Written by Wendy Lopez, VoiceWaves Journalist.
Edgar Nuñez (left) and his father are but two examples of small business owners along the Anaheim Corridor. Photo by Prumsodun Ok.
We’re all very well familiar with the Pike, Shoreline Village, and Second Street. But what about places like Cambodia Town or the Zaferia District? How often do you hear people going out to these places to eat? Or simply walk the streets? The fact is: these are our neighborhoods. This is our home. And the many small, family-owned businesses down our streets suffer from many problems that keep them invisible.
First off, people judge locations by their appearance. The physical appearance of a place, and the way people move through it, creates the atmosphere. Central Long Beach, although having a culturally vibrant and dense population, lacks the buildings with fancy facades that other parts of the city boast. A drive down Anaheim Street will reveal no more than strip mall after strip mall.
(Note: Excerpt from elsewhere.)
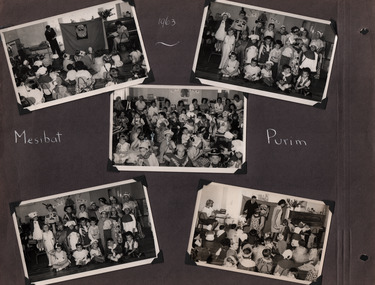 Photograph (item) - Purim 1963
The small businesses that occupy these spaces could greatly benefit from the physical beautification of their facilities.
Secondly, with this change, there must be a change that happens inside as well. The businesses in our neighborhoods need to find ways to market themselves to diverse groups. They need to appeal to people from different parts of Long Beach and from out of the city, while still serving the local population. Perhaps this means that we find a way of keeping our restaurant menus affordable yet making them more health conscious. Perhaps this means training our wait staff to be more knowledgeable, friendly, and professional.
If small business owners in our neighborhoods had the right help and resources, I’m sure that they would jump at the opportunity to beautify their stores. Just by making small changes—new paint on the building, a new sign, tasteful décor inside—people will notice. And if other small business owners see the change going on, they will want to follow that example. Once small businesses start looking better, then there will be healthy competition.
Maybe the Pike and Second Street will have a new competitor for its dollars, a competitor that instead offers the unique food or couch or service of local character that only a small business can give?
By supporting local businesses, we are investing in our communities. We are supporting families in our neighborhood. And, we are elevating the quality of our own lives, instilling a sense of ownership and pride in our streets, homes, and businesses. So now my question to everyone is, what would it look like to invest in the development of our small businesses? And what would an organized way of doing this be?